* What is expected
Copy each line below as it stands, but skip any picture it contains.

* Data shown

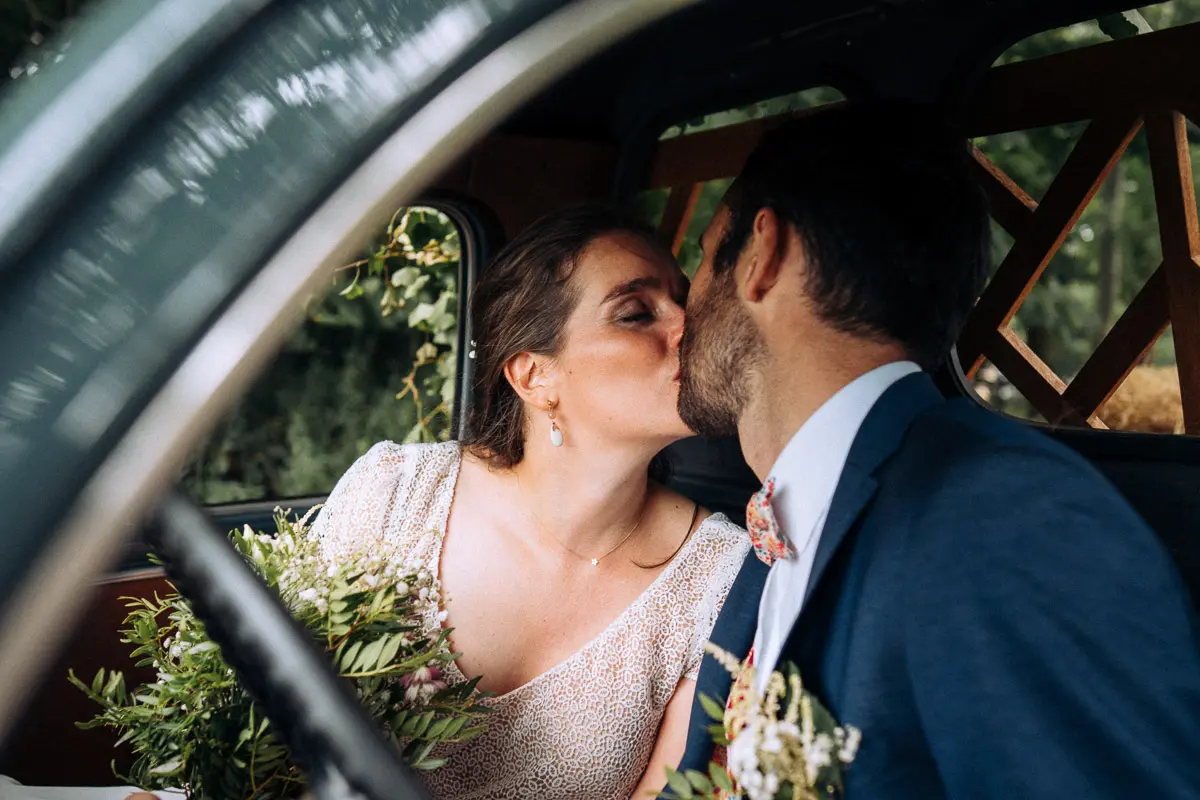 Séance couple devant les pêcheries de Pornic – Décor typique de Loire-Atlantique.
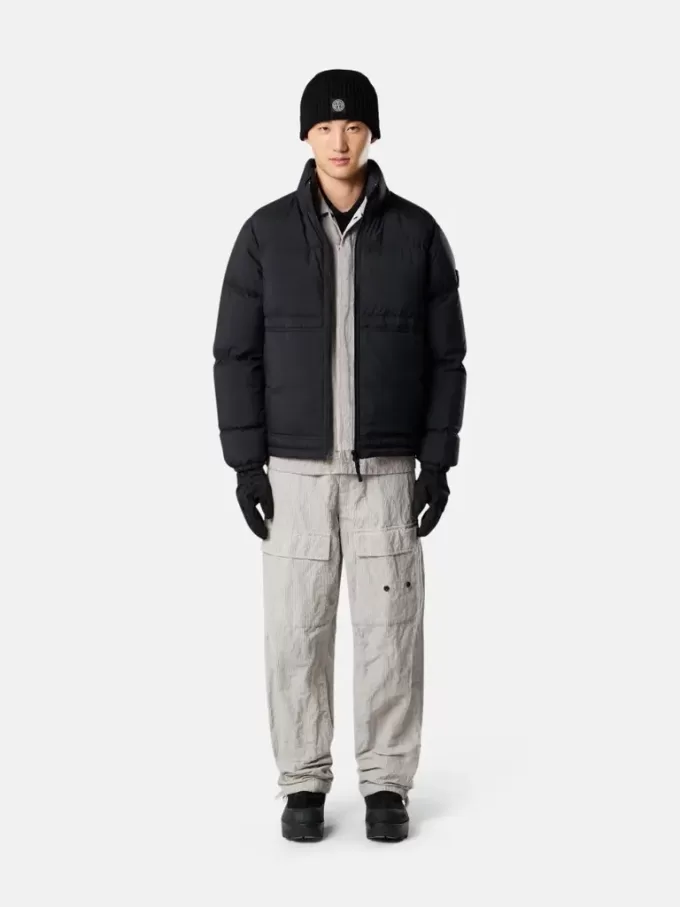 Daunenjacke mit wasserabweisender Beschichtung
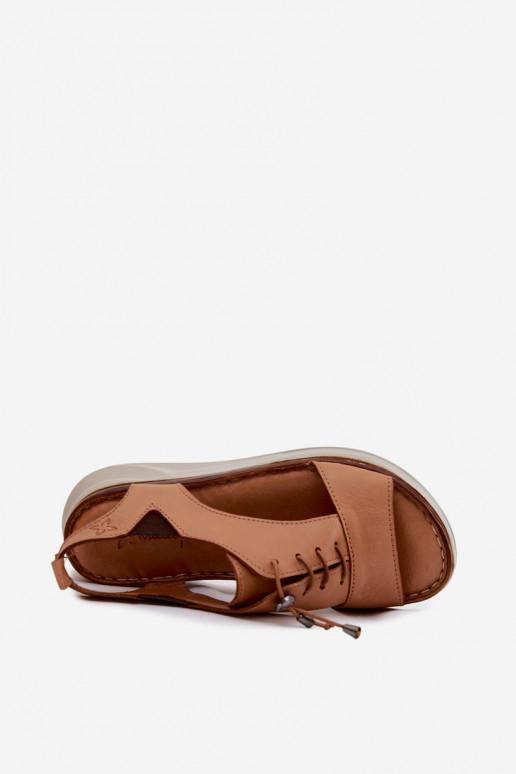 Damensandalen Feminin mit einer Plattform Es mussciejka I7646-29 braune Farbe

* The completed task
 Séance couple devant les pêcheries de Pornic – Décor typique de Loire-Atlantique.
 Daunenjacke mit wasserabweisender Beschichtung
 Damensandalen Feminin mit einer Plattform Es mussciejka I7646-29 braune Farbe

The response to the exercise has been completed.